Many (if not all) of us are continuing to work in the world of web standards, but our work is now largely outside the umbrella of WaSP. If you are interested in continuing to work on web standards-related projects along with us, we humbly suggest you follow these projects:
- A List Apart – The magazine “for people who make websites” is run by WaSP founder Jeffrey Zeldman and is a consistent source of forward-thinking articles and tutorials.
- HTML5 Doctor – A solid resource and discussion forum on all things HTML5, brought to you by Bruce Lawson and his team.
- W3C Community Groups – If you have a passion for a specific web technology, you can help make it better by participating in one (or more) community groups. In particular, you might be interested in one of these: Core Mobile Web Platform, Responsive Images, Web Education, and Web Media Text Tracks.
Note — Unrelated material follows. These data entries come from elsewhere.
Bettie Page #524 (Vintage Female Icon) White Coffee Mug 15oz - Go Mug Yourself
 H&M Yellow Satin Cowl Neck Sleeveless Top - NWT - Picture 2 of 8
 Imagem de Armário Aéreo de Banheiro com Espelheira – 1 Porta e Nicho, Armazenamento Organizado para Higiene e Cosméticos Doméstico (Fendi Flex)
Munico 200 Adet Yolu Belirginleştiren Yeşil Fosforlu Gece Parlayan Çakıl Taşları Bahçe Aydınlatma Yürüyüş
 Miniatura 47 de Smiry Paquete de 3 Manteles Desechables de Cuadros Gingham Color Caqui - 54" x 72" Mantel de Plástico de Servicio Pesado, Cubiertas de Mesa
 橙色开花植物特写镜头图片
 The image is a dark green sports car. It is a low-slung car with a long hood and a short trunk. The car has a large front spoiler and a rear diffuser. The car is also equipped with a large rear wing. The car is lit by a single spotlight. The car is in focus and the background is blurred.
- WebPlatform.org – A fantastic web standards resource, providing up-to-date documentation, Q&As, tutorials & more. Chris Mills, Doug Schepers, and a number of other standards advocates are involved in this project.
- Web Standards Sherpa – An educational resource founded by WaSP which continues to operate under the leadership of Chris Casciano, Virginia DeBolt, Aaron Gustafson, and Emily Lewis.
- Web Standards + Small Business – An outreach project started by WaSP that educates small businesses about why they should care about web standards. This project is overseen by Aaron Gustafson.
The job’s not over, but instead of being the work of a small activist group, it’s a job for tens of thousands of developers who care about ensuring that the web remains a free, open, interoperable, and accessible competitor to native apps and closed eco-systems. It’s your job now, and we look forward to working with you, and wish you much success.
Nota bene: In the near future, we will be making a permanent, static archive of webstandards.org and some of our other resources like WaSP Interact to preserve them as a resource and to provide a record of our 15-year mission to improve the web.
Bruce Lawson and Steph Troeth contributed to this post.